Wikidata celebrated its third birthday on October 29th. The project went online in 2012 and a lot has happened ever since.
Coincidentally, the birthday also happened along with the project being awarded a prize from Land der Ideen, so so a proper party for volunteers and everyone involved with the project was in order.
There was cake and silly birthday hats, but above all this was an occassion to look at the past, present, and future.
Denny Vrandečić and Eric Möller used a video message to talk about the genesis and development of Wikidata.
Community members Magnus Manske and Marteen Dammers talked about their work for Wikidata in GLAM and science. And Lydia Pintscher not only looked backed to a successful year behind us, but also gave us a peek into the future that lies ahead for the project.
In order to experience Wikidata there was a little exhibition of projects that use it: From Histropedia which visualizes timelines to Ask Platypus, a project that parses questions about the knowledge of the world according to Wikidata using natural language.
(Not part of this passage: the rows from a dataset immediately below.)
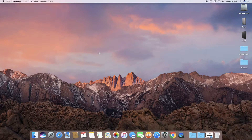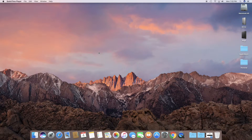Hey, what's up guys and welcome to this brand new tutorial. If you are a new Mac user and want to learn how to take a screenshot on your Mac, then this video is for you.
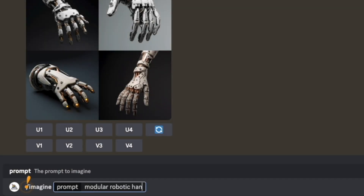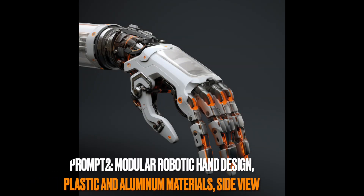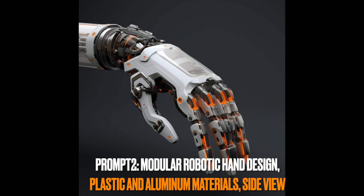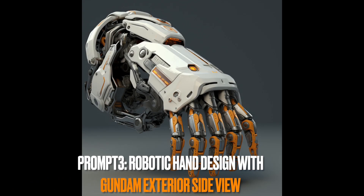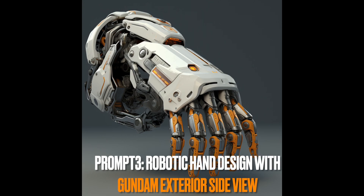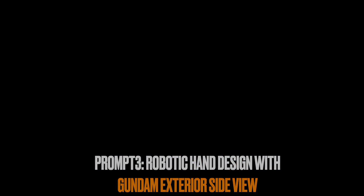I wanted to incorporate material properties and even added a side view prompt for modeling. However, the generated images were primarily isometric views. I also experimented by adding 'Gundam exterior,' but it didn't quite resemble the actual Gundam parts that I was hoping for.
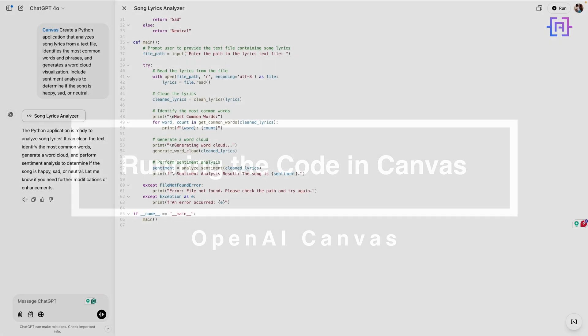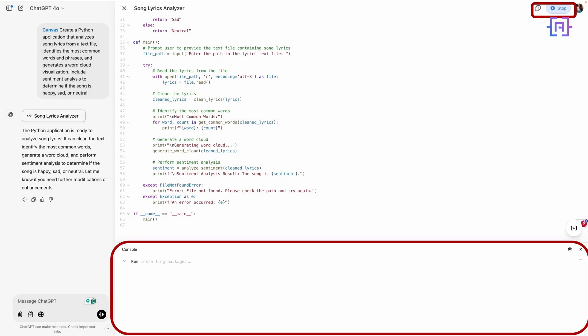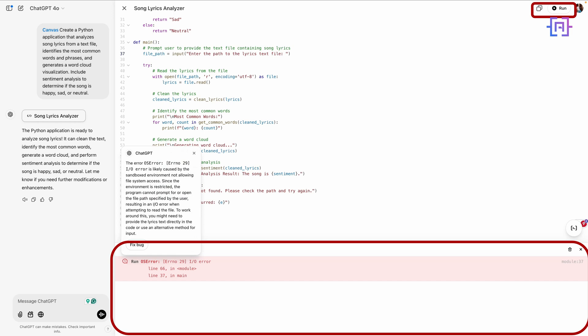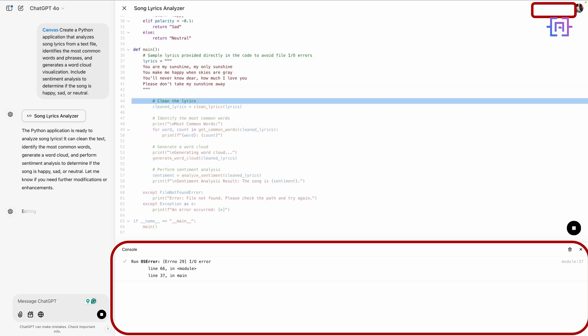To run the code, click Run here at the top. As we can see, Canvas is installing the packages and running the code now. And we got an error. To fix this error, click on it and then Fix Bug. You can see here on the left it's editing and it will tell you the reason why we get this error and how it's going to fix the bug.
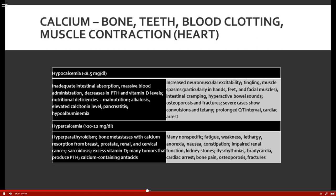Calcium and phosphorus have a reciprocal relationship — when calcium is up, phosphorus is down. This means if you know the signs and symptoms of hypercalcemia, you automatically know those of hypophosphatemia. Conversely, if phosphorus is up, calcium is down. Three substances control the balance of calcium and phosphorus: PTH (parathyroid hormone), calcitonin, and vitamin D.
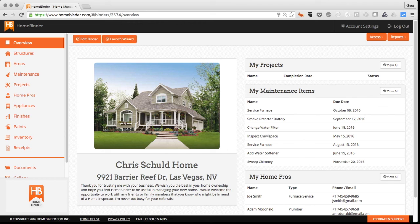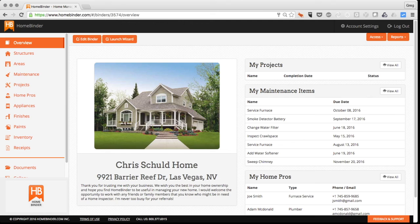It's our goal as the home inspector to make sure that the homeowner understands what they're buying. We add HomeBinder as a valuable service to help ensure that their home ownership truly is successful.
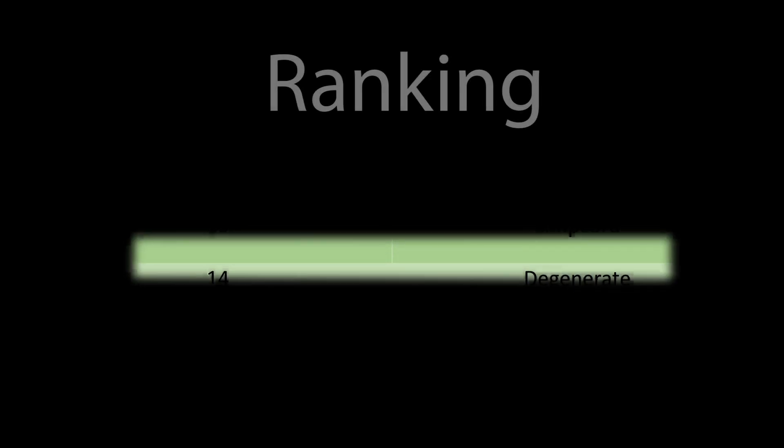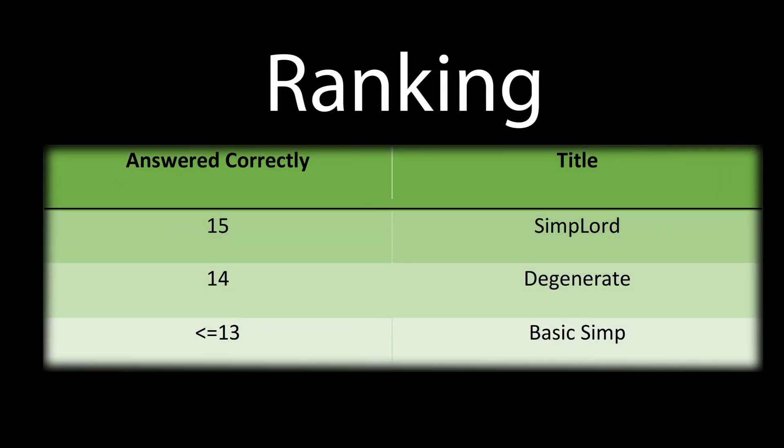Now, here are the titles for how much you have answered correctly, with 15 being the highest and ranking you as Simp Lord.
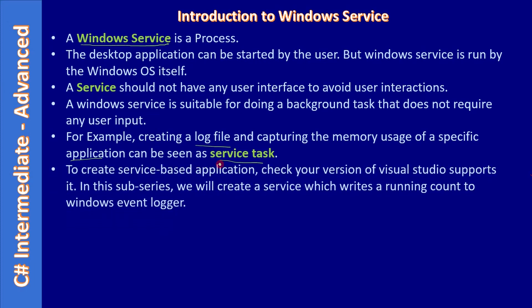To create a service-based application, you have to check your Visual Studio edition and whether it supports creating the service. Usually the Enterprise edition will definitely support creating the service. If you have a Professional edition, that will also support. Anyhow, it's a good idea to check whether your edition is supporting creation of service-based project. If you are using Community edition, just check whether creating the service is possible.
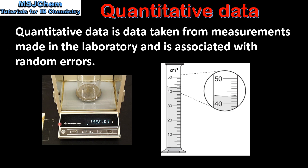Here we have two examples of apparatus that are used to collect quantitative data. On the left we have a mass balance which measures mass in grams, and on the right we have a measuring cylinder which measures the volume in centimeters cubed.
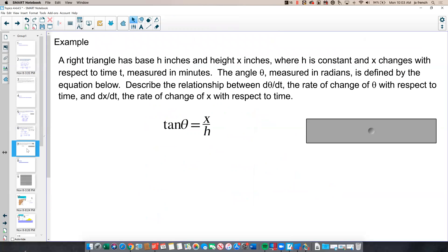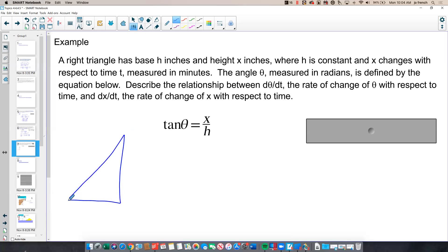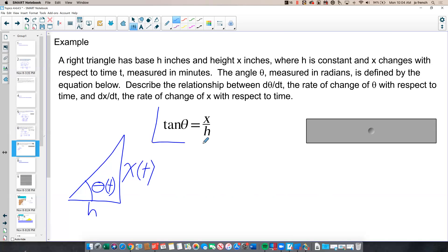Let's look at the third example. We have a right triangle with base h inches and height x inches, where h is constant and x changes with respect to time — so x is my variable, x of t. The angle theta measured in radians is defined by the equation tan(θ) = x/h, since tangent is opposite over adjacent. So theta is the angle, and since x is changing, theta is also changing — it's a function of time as well. I need to describe the relationship between the rates of change, which means taking the derivative using the chain rule.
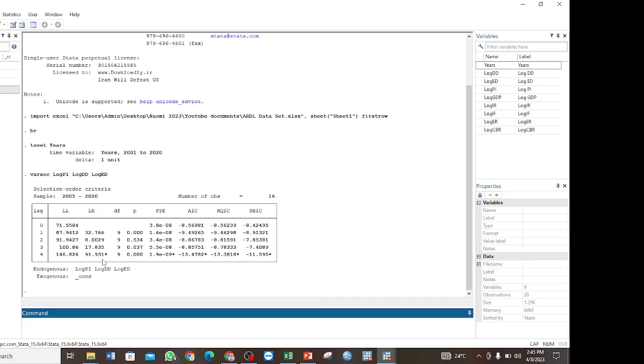So that is how you determine or select the optimal lag for your ARDL model. That is what I was taking you through in this video. In the next video I am going to show how you perform the Johansen co-integration test in Stata and also how you interpret the results.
No birthday would be complete without presents. Especially the software developers had worked hard to improve parts of Wikidata for this special date. To give you just two examples:
- https://www.wikidata.org/wiki/Special:Nearby shows nearby items in Wikidata and invites you to improve structured data knowledge in your neighborhood
- A machine learning model called ORES helps to identify vandalism with artificial intelligence and can be used as a tool for administrators
These are only two new features released for the birthday party. There is much, much more to come for the Wikidata project next year and we’ll talk about it in length in another post.
Wikidata has data in its name. However — this was more than obvious at the birthday party — it’s about more than just cold numbers. As in all collaborative projects, people are at the core of it all. Those behind or around Wikidata have love in their hearts for something that may at first sound as abstract as “structured data for Wikimedia projects and beyond”.
Upon exiting the party, guests could add themselves on a board and leave a tiny love letter to Wikidata . “I love Wikidata because… with machine-readable data, machines can do the heavy lifting for me” one guest wrote. The last three years were all about building a foundation for machine-readable data. Let the heavy lifting begin in all the years to come. Q167545!